4. RIGHTS AND LICENSES.
4.1 License to Use Site. We grant you a non-transferable, non-exclusive, license to use the Site, and the Services available through the Site, for your personal use.
4.2 License to Use Application. We grant you a limited non-exclusive, non-transferable, non-sublicensable, revocable license to use the Services made available through the Application and to download, install and use a copy of the Application on a single mobile device or computer that you own or control solely for your personal and professional use, subject at all times to the terms of this Agreement. Furthermore, with respect to any Application accessed through or downloaded from the Apple App Store (an “App Store Sourced Application”), you will only use the App Store Sourced Application: (a) on an Apple-branded product that runs iOS (Apple’s proprietary operating system) and (b) as permitted by the “Usage Rules” set forth in the Apple App Store Terms of Service. Use of the Application is also subject to the provisions of Section 7.3(c).

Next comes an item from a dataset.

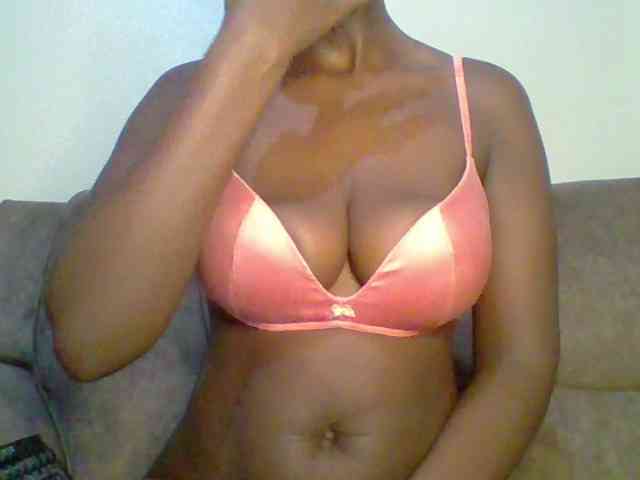 bustybliss webcam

4.3 Certain Restrictions. The rights granted to you in this Agreement are subject to the following restrictions: (a) you will not license, sell, rent, lease, transfer, assign, distribute, host, or otherwise commercially exploit the Services; (b) you will not modify, make derivative works of, disassemble, reverse compile or reverse engineer any part of the Services; (c) you will not access the Services in order to build a similar or competitive service; and (d) except as expressly stated herein, no part of the Services may be copied, reproduced, distributed, republished, downloaded, displayed, posted or transmitted in any form or by any means. Any future release, update, or other addition to functionality of the Services will be subject to the terms of this Agreement. All copyright and other proprietary notices on any Services content must be retained on all copies thereof.

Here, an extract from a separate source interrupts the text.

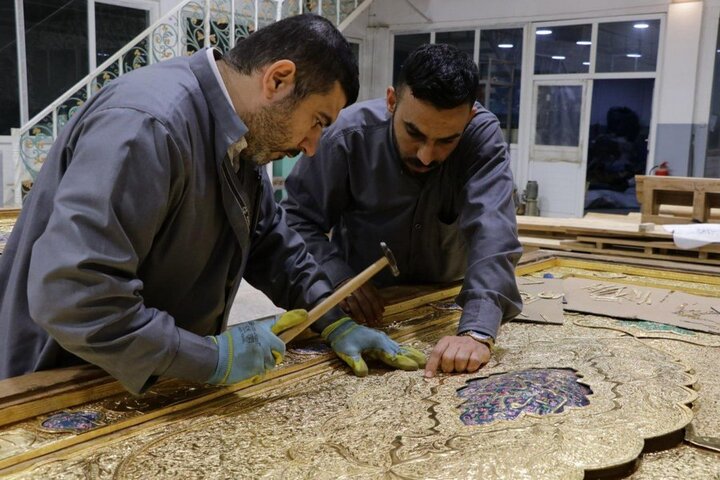 إعادة تذهيب باب القبلة لمزار القاسم (عليه السلام)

4.4 Modification. We reserve the right, at any time, to modify, suspend, or discontinue the Services or any part thereof with or without notice. You agree that we will not be liable to you or to any third party for any modification, suspension, or discontinuance of the Services or any part thereof.
4.5 Ownership of the Services. Excluding your User Content (defined below), you acknowledge that all the intellectual property rights, including copyrights, patents, trade marks, and trade secrets, in the Services, including the Site and Applications, are owned by us or our licensors. The provision of the Services does not transfer to you or any third party any rights, title or interest in or to such intellectual property rights. We and our suppliers reserve all rights not granted in this Agreement.
5. USER CONTENT.
5.1 User Content. “User Content” means Documents and any and all information and content that a user submits to or posts on: (a) the Services and (b) on social networking sites where we have a page or presence (collectively “SNS Pages”). User Content may be placed: (i) on public areas of the Services and the SNS Pages (“Public Content”) and (ii) within Bins, private areas of the Services where your User Content is designed to be available only to people you authorize. We do not claim any ownership rights in your User Content and, as between you and us, you will be the exclusive owner of your User Content. You assume all risks associated with the use of your User Content, including any reliance on its accuracy, completeness or usefulness by others (including, say, your doctor). You hereby represent and warrant that your User Content does not violate the Acceptable Use Policy (defined below). You may not state or imply that your User Content is in any way provided, sponsored or endorsed by us. Because you alone are responsible for your User Content (and not Mustbin), you may expose yourself to liability if, for example, your User Content violates the Acceptable Use Policy. We are not obligated to backup any User Content and User Content may be deleted at anytime. You are solely responsible for creating backup copies of your User Content if you desire.
5.2 License. You hereby grant to us a non-exclusive, non-transferable license to access, use, reproduce and prepare derivative works based on your User Content for the purpose of providing the Services hereunder and to improve or enhance the Services. This license includes use of your User Content to compile, use and disclose anonymous, aggregated statistics that include your User Content, provided that no such information will directly identify and cannot reasonably be used to identify you or your users. You shall be solely responsible for ensuring that you have obtained all necessary third party consents and made all required disclosures in connection with the foregoing grant.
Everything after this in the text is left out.